Mas, se de novo observamos a vivência do ato de pegar do livro, percebemos que o real mesmo e o imediato é esse pegar, me assentar aqui, ficar horas a fio debruçado sobre o livro. Esse ato concreto e material implica em si um inter-esse. E se observarmos em que consiste esse interesse, veremos ser ele uma presença, um estar ali aberto para compreender, sentir e querer, amar o que vamos entendendo e tentar buscar a ser cada vez mais o que colhemos ali de precioso. Essa presença viva, aberta e disposta, porém, não é apenas uma espécie de buraco vazio abstrato, mas sim ela está povoada, habitada, cheia de conhecimentos, informações, fantasias, imaginações, representações, recordações, sentimentos, anelos, preconceitos, conceitos, idéias etc. etc. É pois um imenso conjunto de redes de precompreensões, variegadas e multiformes. É dentro dessa abertura que nos vem ao encontro o livro de Atos do Bem-aventurado Francisco e dos seus companheiros. E uma das redes dentro dessa complexa abertura está formada de dados provenientes das ciências historiográficas.

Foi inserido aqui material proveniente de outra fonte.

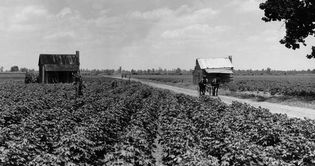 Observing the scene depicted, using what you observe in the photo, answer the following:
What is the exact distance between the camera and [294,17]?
33.0 m

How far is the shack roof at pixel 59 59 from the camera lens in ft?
225

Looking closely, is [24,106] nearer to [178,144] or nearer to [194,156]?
[178,144]

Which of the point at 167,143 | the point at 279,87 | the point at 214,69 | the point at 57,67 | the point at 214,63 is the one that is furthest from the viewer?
the point at 57,67

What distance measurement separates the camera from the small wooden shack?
67188 mm

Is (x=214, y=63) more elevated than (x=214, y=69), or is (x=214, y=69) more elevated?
(x=214, y=63)

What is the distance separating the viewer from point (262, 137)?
13312 millimetres

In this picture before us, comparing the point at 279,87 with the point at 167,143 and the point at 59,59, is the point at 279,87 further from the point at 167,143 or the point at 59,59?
the point at 167,143

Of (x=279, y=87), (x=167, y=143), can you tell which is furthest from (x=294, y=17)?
(x=167, y=143)

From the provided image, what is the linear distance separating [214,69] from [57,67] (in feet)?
87.9

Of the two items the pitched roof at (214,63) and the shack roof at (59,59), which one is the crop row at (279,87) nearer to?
the pitched roof at (214,63)

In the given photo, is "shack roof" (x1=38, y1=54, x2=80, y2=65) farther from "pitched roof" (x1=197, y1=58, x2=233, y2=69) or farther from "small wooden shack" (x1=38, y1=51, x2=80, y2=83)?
"pitched roof" (x1=197, y1=58, x2=233, y2=69)

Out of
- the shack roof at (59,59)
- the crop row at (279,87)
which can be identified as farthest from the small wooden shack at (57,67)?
the crop row at (279,87)

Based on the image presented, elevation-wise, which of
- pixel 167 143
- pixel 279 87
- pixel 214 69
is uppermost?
pixel 214 69

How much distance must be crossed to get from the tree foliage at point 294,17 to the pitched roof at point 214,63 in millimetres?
31294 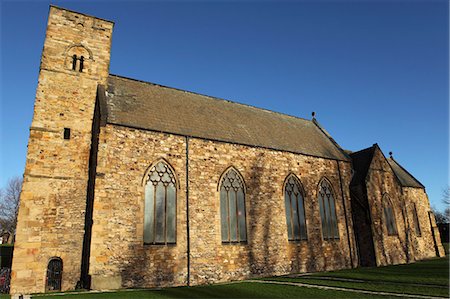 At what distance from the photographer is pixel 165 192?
52.6 feet

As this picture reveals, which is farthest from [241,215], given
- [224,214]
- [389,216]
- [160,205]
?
[389,216]

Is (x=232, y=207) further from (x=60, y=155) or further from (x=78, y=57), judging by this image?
(x=78, y=57)

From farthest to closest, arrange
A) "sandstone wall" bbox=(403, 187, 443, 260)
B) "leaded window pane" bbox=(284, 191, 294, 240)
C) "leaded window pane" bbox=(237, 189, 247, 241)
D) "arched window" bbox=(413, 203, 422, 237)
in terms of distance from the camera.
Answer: "arched window" bbox=(413, 203, 422, 237)
"sandstone wall" bbox=(403, 187, 443, 260)
"leaded window pane" bbox=(284, 191, 294, 240)
"leaded window pane" bbox=(237, 189, 247, 241)

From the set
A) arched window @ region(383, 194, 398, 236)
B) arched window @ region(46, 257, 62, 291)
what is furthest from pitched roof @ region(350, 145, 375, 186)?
arched window @ region(46, 257, 62, 291)

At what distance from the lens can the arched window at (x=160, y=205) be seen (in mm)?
15219

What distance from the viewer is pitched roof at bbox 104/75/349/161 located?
17422 millimetres

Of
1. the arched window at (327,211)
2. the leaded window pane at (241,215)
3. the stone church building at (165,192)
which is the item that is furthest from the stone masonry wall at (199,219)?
the arched window at (327,211)

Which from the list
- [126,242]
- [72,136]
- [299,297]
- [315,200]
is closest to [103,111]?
[72,136]

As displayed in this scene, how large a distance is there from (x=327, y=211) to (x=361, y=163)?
5.33 meters

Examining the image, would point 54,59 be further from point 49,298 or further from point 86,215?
point 49,298

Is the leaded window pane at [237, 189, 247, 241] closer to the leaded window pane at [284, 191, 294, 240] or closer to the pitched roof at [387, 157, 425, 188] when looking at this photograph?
the leaded window pane at [284, 191, 294, 240]

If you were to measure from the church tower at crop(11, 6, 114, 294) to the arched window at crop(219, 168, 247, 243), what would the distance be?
Answer: 738 cm

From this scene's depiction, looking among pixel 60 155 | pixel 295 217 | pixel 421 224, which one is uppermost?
pixel 60 155

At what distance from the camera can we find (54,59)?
58.4 feet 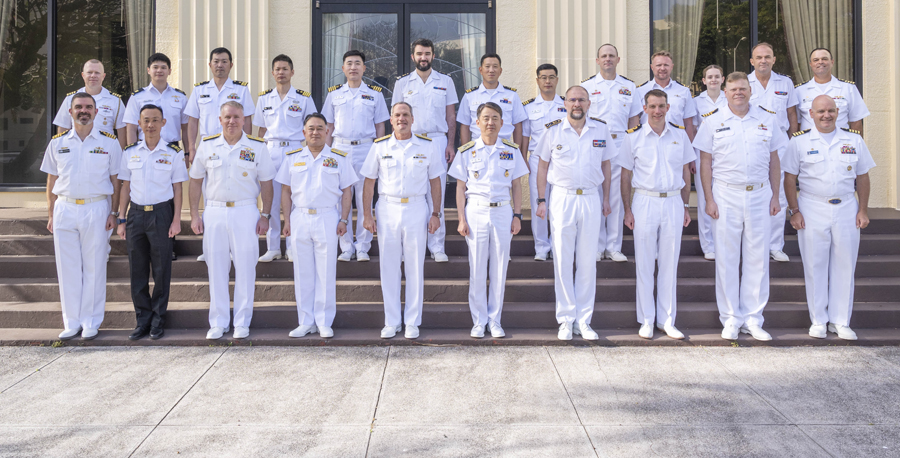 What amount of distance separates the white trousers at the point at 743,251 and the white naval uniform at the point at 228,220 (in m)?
3.84

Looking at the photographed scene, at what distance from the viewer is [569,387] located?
14.1ft

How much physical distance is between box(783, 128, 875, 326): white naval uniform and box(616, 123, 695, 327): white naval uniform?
1.02 m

Usualmente nós, em concreto como essa abertura de precompreensão, conseguimos ter apenas uma pequena parcela do todo desse imenso conjunto. Essa parcela é o que chamamos de saber consciente. Este, porém, oculta um abismo de precompreensões de diferentes níveis e dimensões de profundidade.
O que acontece quando um livro como Atos entra no âmbito da abertura de precompreensão que somos nós mesmos? Nós tentamos assimilá-lo para dentro da rede de nossas compreensões. O que no texto facilmente compreendemos é o que está dentro da rede da compreensão usual nossa, no igual nível e na igual dimensão da nossa consciência.
O que estranhamos já nos escapa da rede usual de compreensão e exige que nos abramos para dentro de nós mesmos, aos níveis e às dimensões que correspondem melhor à exigência dessa manifestação estranha. O que absolutamente não compreendemos, provavelmente, está numa dimensão de vastidão, profundidade e originalidade tal que nos exige muita disposição de trabalho todo próprio para deixarmos ser em nós níveis e dimensões de mostração adequada ao que assim se oculta.
Isto significa que ler livro é confronto, no qual por tabela somos convidados a dialogar conosco mesmos, em nos abrindo, em sondando as nossas dimensões próprias de interioridade constitutiva do nosso ser, e as acolhendo em as deixando ser. Esse abrir-se e seguir o ductus das dimensões ocultas de profundidade do ser humano é ler. E é na medida em que assim, por tabela, de encontro ao texto do livro formos nos desvelando, que esses textos se nos abrem, mostrando o que eles escondem em seu bojo.
Tudo quanto nos vem à fala nesse movimento de aparecimento do que ali está implícito como ser da existência humana é o espiritual. Esse modo todo próprio de o homem ser e se desvelar é o espírito. O autor e o leitor do livro, enquanto fluindo nesse movimento de aparecer do espírito, não são sujeitos nem agentes do livro, mas sim abertura de acolhimento e de colheita do espírito. Daí a leitura espiritual.